— MATERIAL SHOWN —
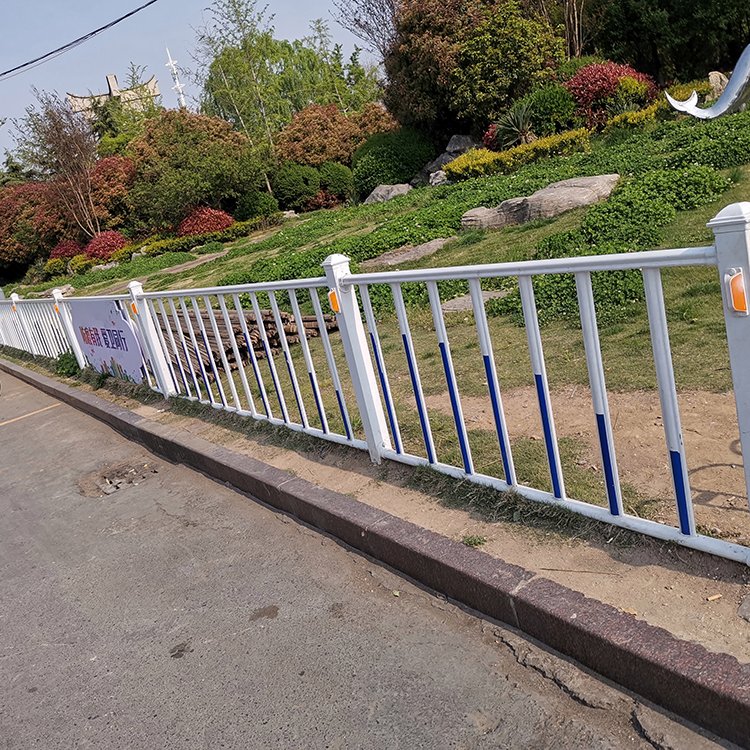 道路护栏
==
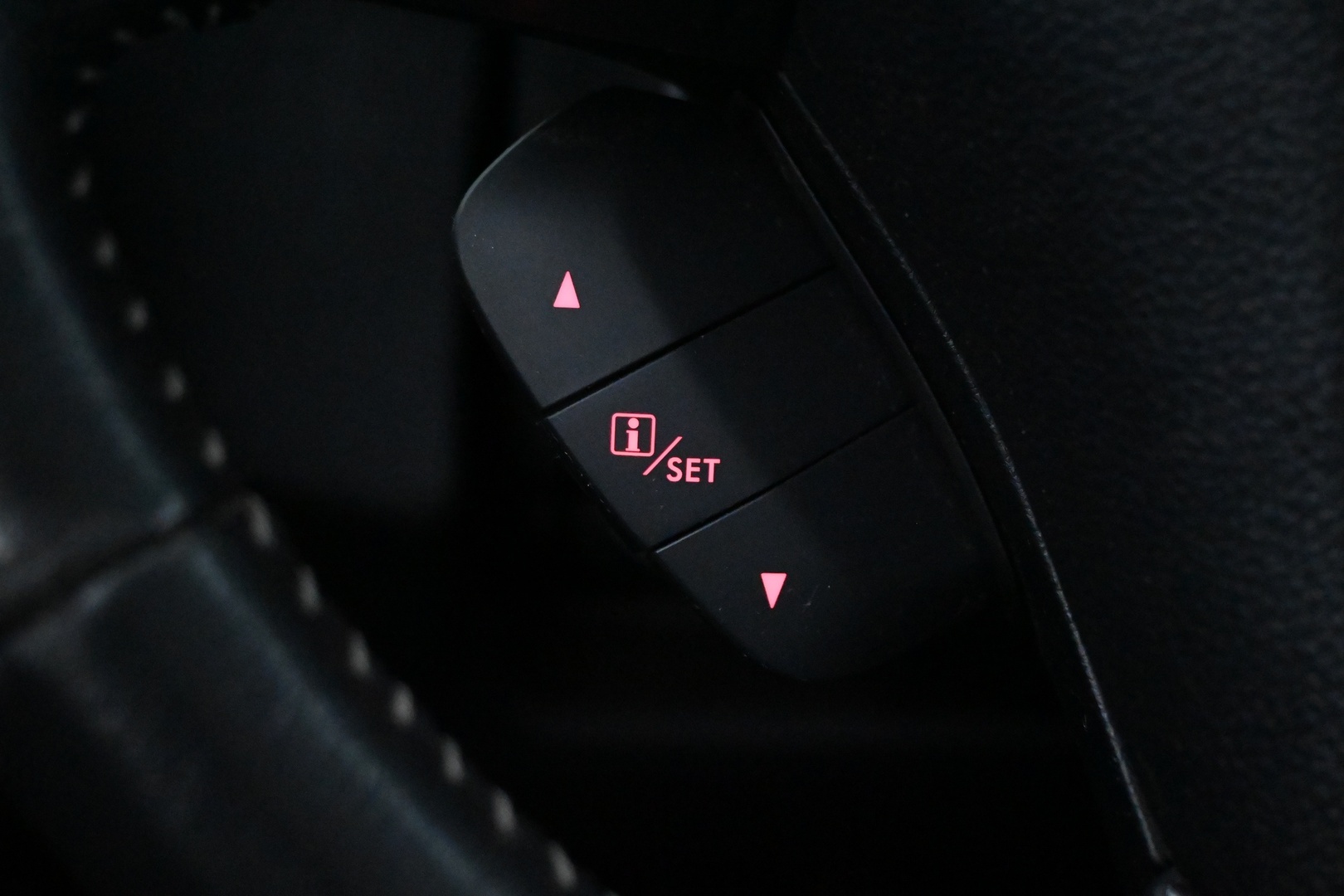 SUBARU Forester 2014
==
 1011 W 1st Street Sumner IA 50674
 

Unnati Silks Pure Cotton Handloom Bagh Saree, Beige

— INSTRUCTIONS TO FOLLOW —
Transcribe the records above exactly, beginning at the line that contains "1011 W 1st Street Sumner IA 50674" and ending with the line that contains "Unnati Silks Pure", both included, and nothing else.

— WORKED SOLUTION —
 1011 W 1st Street Sumner IA 50674
 

Unnati Silks Pure Cotton Handloom Bagh Saree, Beige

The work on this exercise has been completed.